Theses days, the bureaucracy and red tape of local government are choking the life out of democracy. And I don’t believe I’m exaggerating when I say this will be the death of America. That’s why I decided to take matters into my own hands and went down to city hall to make a difference, but when I got down there I learned two very important lessons:
1. You can’t fight city hall.
2. You can damn sure fight the guy at the front desk (and probably win!).
…I didn’t win.
Here’s my issue. Hypothetically, let’s say I wanted a crosswalk in my neighborhood where my kids play. Should be simple, right? All you need is some white paint and a few city council boomers to ritually sacrifice a virgin or however these things are done.

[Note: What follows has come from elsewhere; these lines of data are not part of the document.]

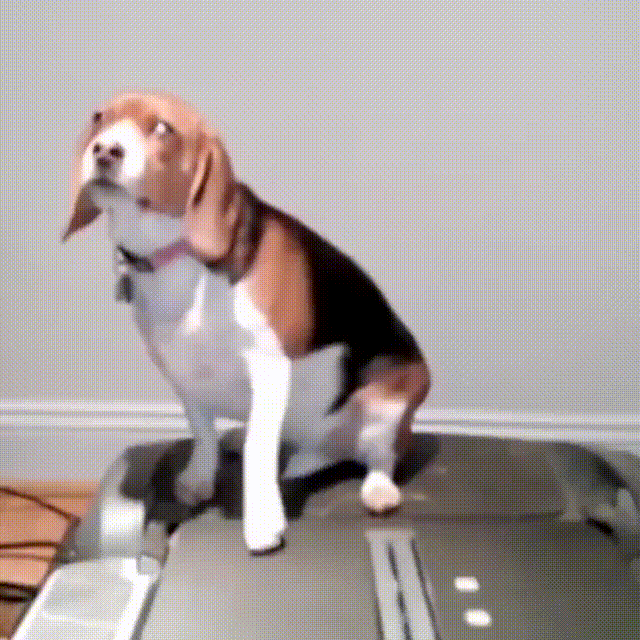 source.gif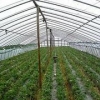 温室大棚膜价格||温室大棚膜批发||温室大棚膜批发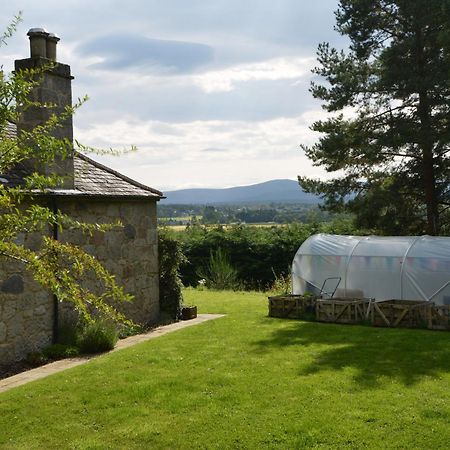 Amazing Cottage With Private Indoor Swim Pool And Hot Tub Grantown-on-Spey Eksteriør billede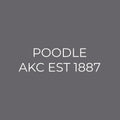 Poodle Embroidered AKC Men's Polo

That’s bullshit! Granted my non-hypothetical issue was less ‘I’m a father who wants his children to be safe’ and more ‘my neighbor keeps calling the cops when my basement cockfighting ring gets a little too rowdy.’ Whatever. Like we’re gonna have a chill cockfight. Get the fuck outta here.
Now last I checked, the first amendment guaranteed us the right to tell these government pigs what’s what – or own guns, I can’t remember. Either way, when I show up at city hall demanding to speak to these fat cats, no self-righteous prick at the front desk is going to tell me that constituent hours are on Wednesday and that I need to make an appointment. Them’s fighting words.
I guess Mr. Sits at a Fancy Desk at City Hall thinks he’s better than me and is gonna try to deny me my third or fourth amendment rights! So I told this asshole, I’m going in there and there’s not a goddamn thing he can do to stop me. Well, he starts flapping that dick holster of his about how he’s “just doing my job” and that “you can schedule an appointment for this afternoon.” You know who talked like that? Nazis! That’s when I started swinging.
Well apparently this City Hall employs goddamn MMA fighters because now I’m exercising my right to free speech through a wired jaw. Thanks, Obama.